Stuttering is a confusing and often misunderstood developmental speech and language disorder. Before discussing stuttering, it is important to understand the concepts of speech fluency and disfluency. Fluency is generally described as the forward flow of speech. For most speakers, fluent speech is easy and effortless. Fluent speech is free of any interruptions, blockages, or fragmentations. Disfluency is defined as a breakdown or blockage in the forward flow of speech, or fluency. For all speakers, some occurrence of disfluency is normal.

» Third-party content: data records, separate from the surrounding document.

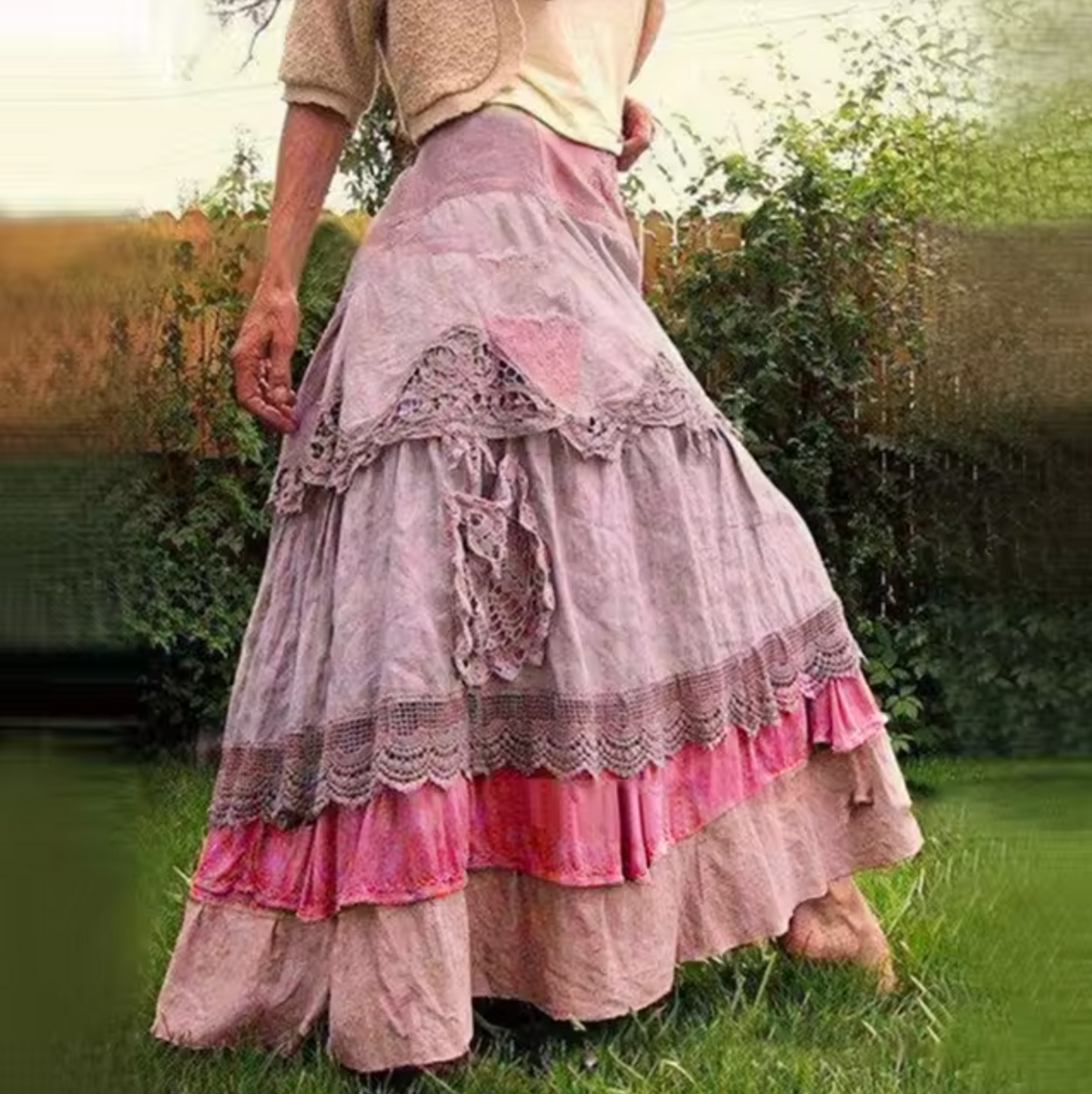 Fudus langer, überlagerter Rock im Boho-Stil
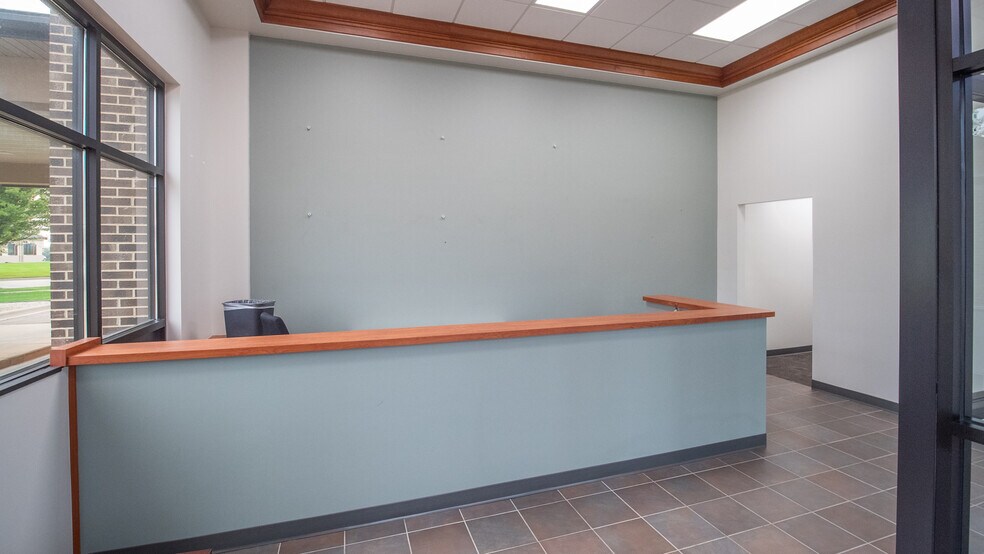 More Photos Of 7389 Airport View Dr SW, Rochester Office For Lease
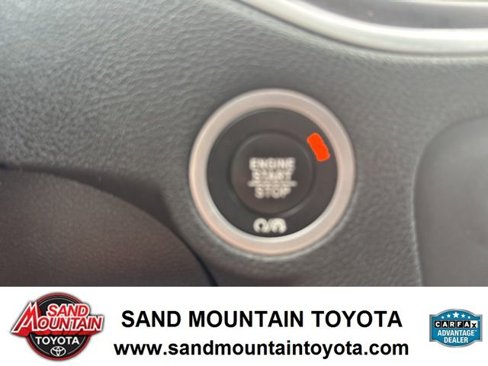 Used 2020 Dodge Charger SXT w/ Leather Interior Group image 16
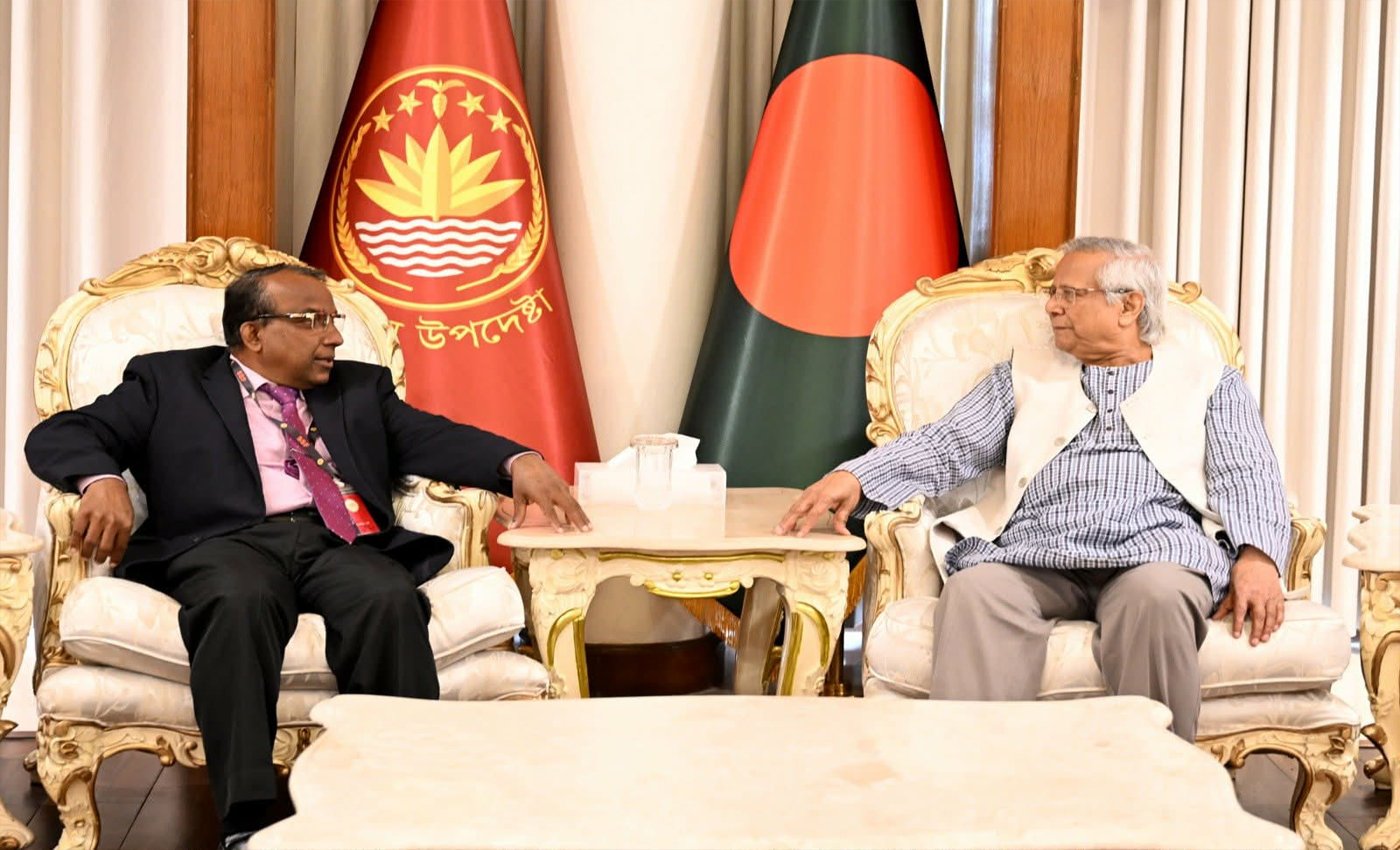 প্রধান উপদেষ্টার সঙ্গে আনফ্রেল-এর নির্বাচন পর্যবেক্ষক দলের সৌজন্য সাক্ষাৎ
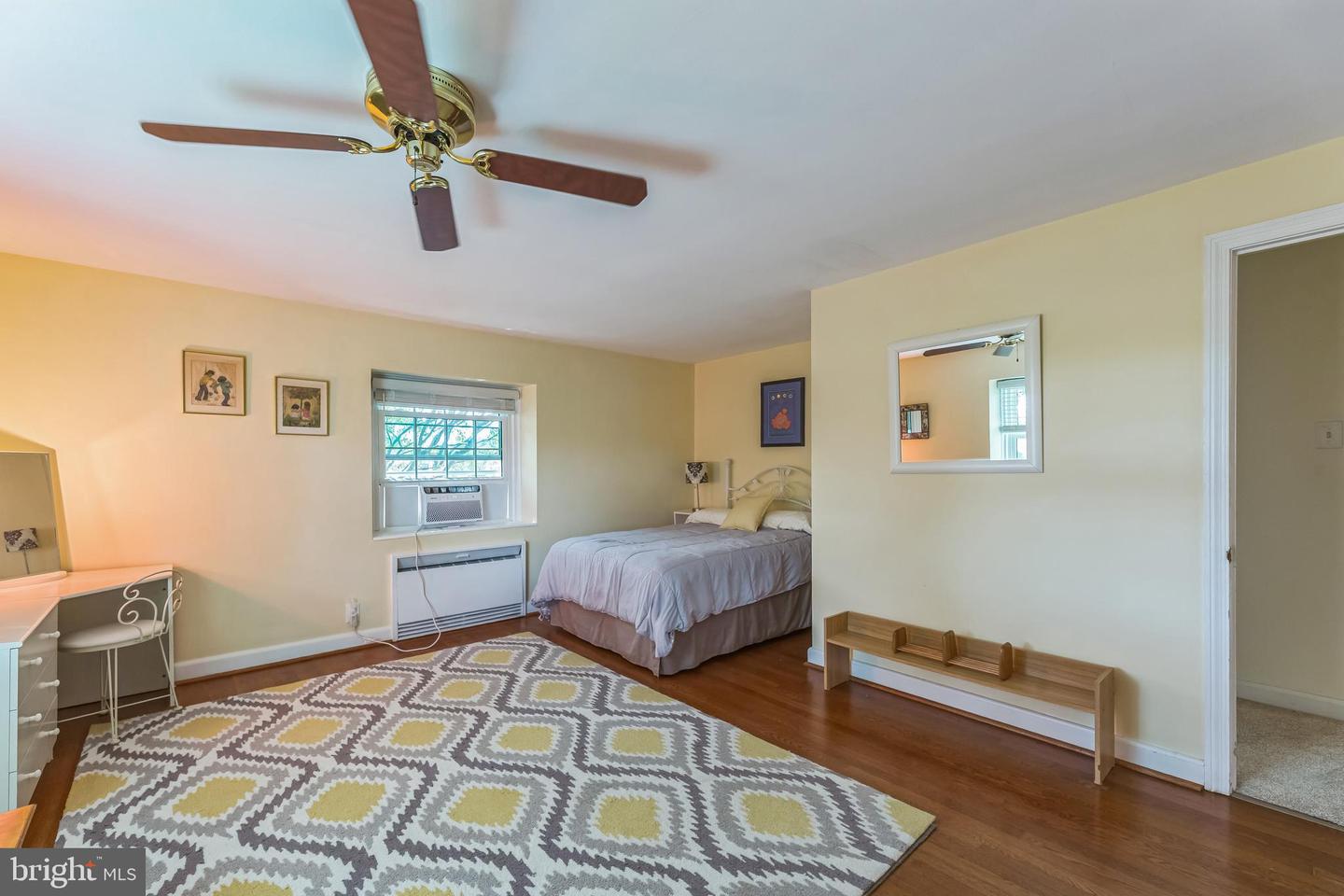 Drexel Hill, Pennsylvania, 19026, United States, 5 Bedrooms Bedrooms, ,6 BathroomsBathrooms,Residential,For Sale,1934182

For example, people may insert short sounds or words, referred to as "interjections," when speaking; examples of such are "um," "like," or "uh." Also, speakers might repeat phrases, revise words or phrases, or sometimes repeat whole words for the purpose of clarification. For young children, disfluency is a part of the normal development of speech and language, especially during the preschool years (between the ages of two and five years).
The occurrence of disfluency is not the same as stuttering, though stuttered speech is characterized by an excessive amount of disfluency. The disfluencies produced by people who stutter will often be similar to those in the speech of individuals who do not stutter; however, certain types of disfluent behavior are likely to appear only in the speech of people who stutter. These disfluencies are sound and syllable repetitions (i.e., ca-ca-ca-cat), sound prolongations ("sssss-salad," "ffffff-fish"), and complete blockages of airflow. These behaviors, often referred to as stuttering type disfluencies, distinguish stuttered speech from nonstuttered speech.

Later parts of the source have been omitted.